5. Die Hinzuziehung eines Verfahrensbevollmächtigten durch die Antragstellerin für das Verfahren vor der Vergabekammer für notwendig zu erklären.

Hilfsweise für den Fall der Erfolglosigkeit der Anträge zu den Z. 1 und 2:

Den Beschluss der Vergabekammer dahin abzuändern, dass die Hinzuziehung eines anwaltlichen Bevollmächtigten durch den Antragsgegner nicht notwendig war.

Der Antragsgegner beantragt,

die sofortige Beschwerde zurückzuweisen und

1. der Antragstellerin die Kosten des Verfahrens einschließlich der zur zweckentsprechenden Rechtsverfolgung notwendigen Auslagen des Antragsgegners aufzuerlegen,

2. die Hinzuziehung eines Bevollmächtigten für den Antragsgegner für notwendig zu erklären

Der Antragsgegner verteidigt die angefochtene Entscheidung. Die Vergabekammer habe zu Recht aus einer wertenden Betrachtung der Vergabeunterlagen geschlossen, dass Hauptgegenstand der Ausschreibung der Transport der Bioabfälle sei. Diese Anforderung sei hier durch die eingereichten Referenzen belegt worden.

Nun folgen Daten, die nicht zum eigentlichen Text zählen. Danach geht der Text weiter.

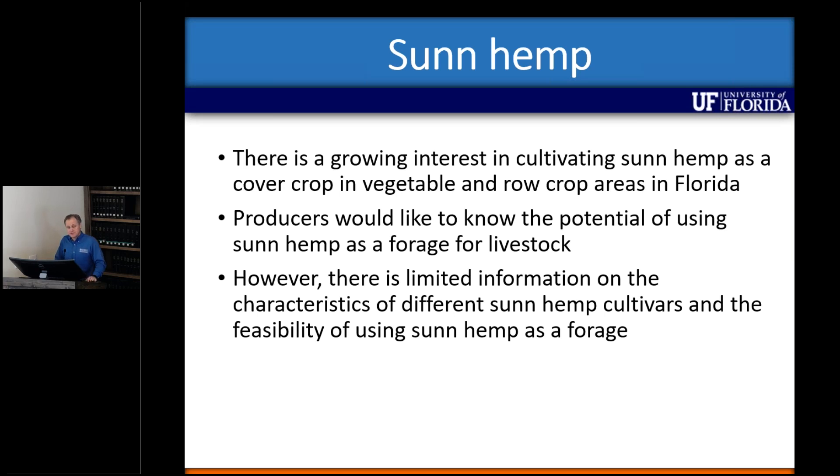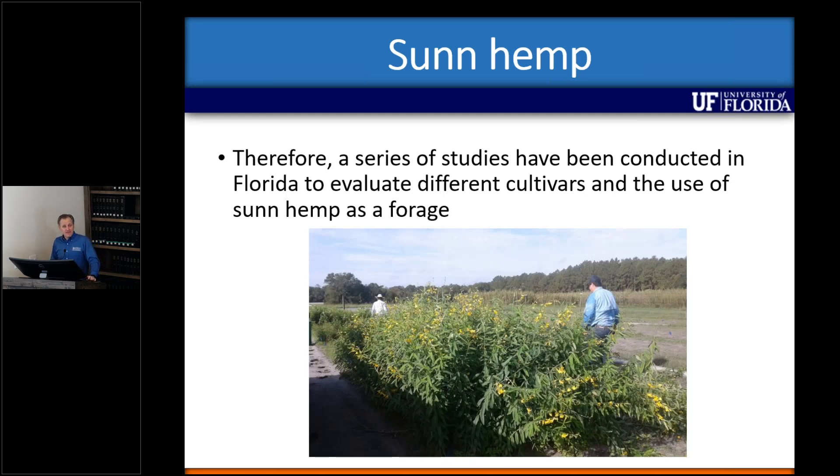When we went to the literature and looked at all the information available, there was very little information about actually feeding sunhemp to ruminants and livestock. There were some reports, but actual scientific data was not present when you tried to do a literature review. So we did a few studies over the last six or seven years, trying to cover both aspects of sunhemp — looking at some of the benefits on the soil standpoint, and also trying to use sunhemp as a forage to see the potential benefits it can have on livestock.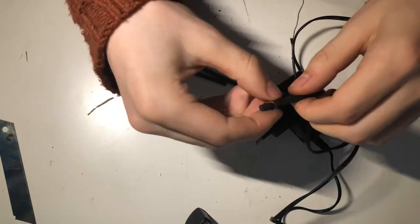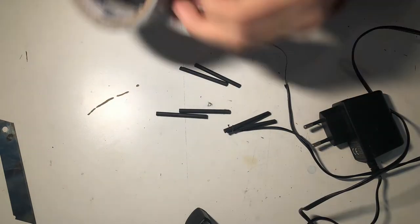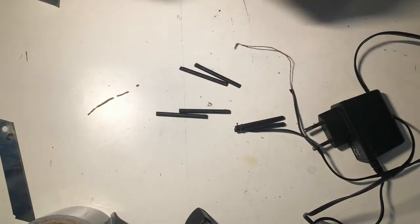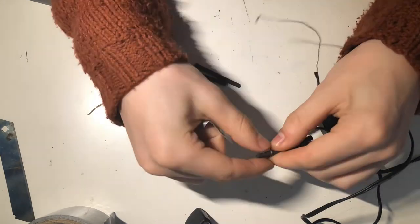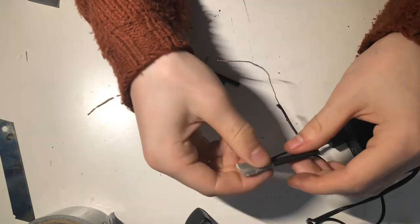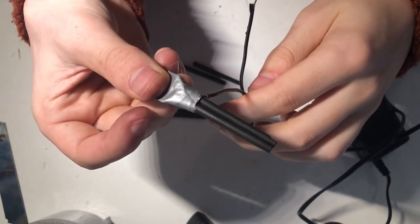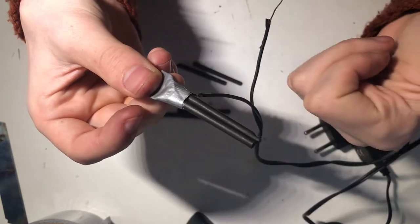Make sure you know which one is the anode and which one is the cathode, because the graphite electrode needs to go onto the anode — if you don't do that it will mess up. So make sure you get that right. When you're done, it should look a little bit like this.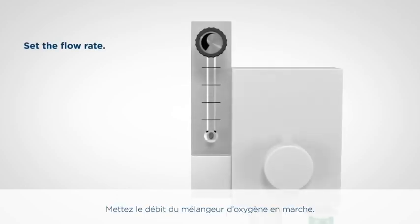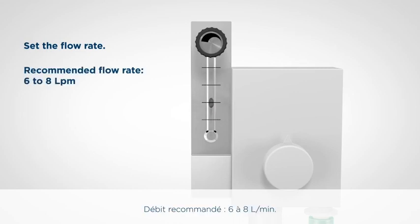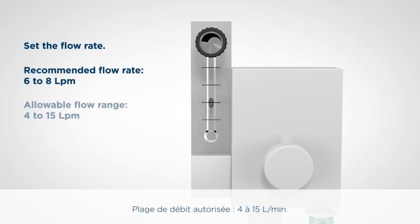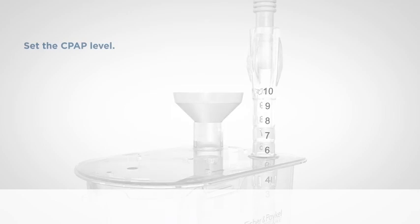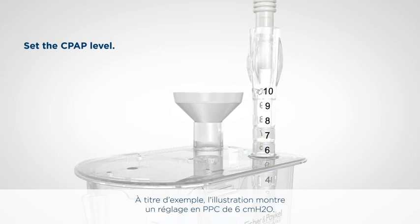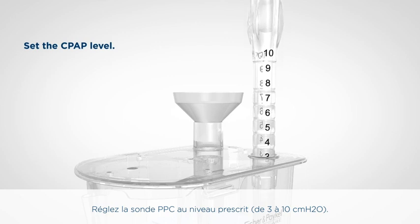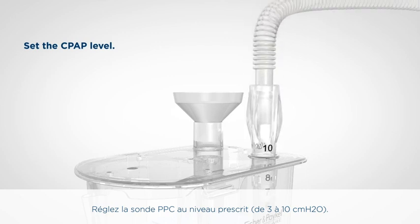Turn on the flow from the oxygen blender and adjust the flow rate to the prescribed input flow rate. Recommended flow rate: 6 to 8 litres per minute. Allowable flow range: 4 to 15 litres per minute. The number on the CPAP probe above the lid indicates the CPAP pressure in centimetres of water. As an example, the illustration shows a CPAP setting of 6 centimetres of water. Set the CPAP probe at the prescribed level: 3 to 10 centimetres of water.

Hinsichtlich des quantitativen Umfangs der Referenzen sei lediglich eine Mindesttonnage von 4.500 Mg/a vorgegeben worden, was hier von der Beigeladenen erreicht worden sei.

Soweit man die Eigenreferenzen der Beigeladenen in Bezug auf die Verwertung des Mülls nicht als ausreichend betrachte, müsse im vorliegenden Fall durch die Benennung des für die Verwertung des Bio-Abfalls vorgesehenen Nachunternehmers eine Eignungsleihe angenommen werden. Es bliebe dann noch die Möglichkeit, das Angebot der Beigeladenen durch Abfrage entsprechender Referenzen der Nachunternehmerin aufzuklären.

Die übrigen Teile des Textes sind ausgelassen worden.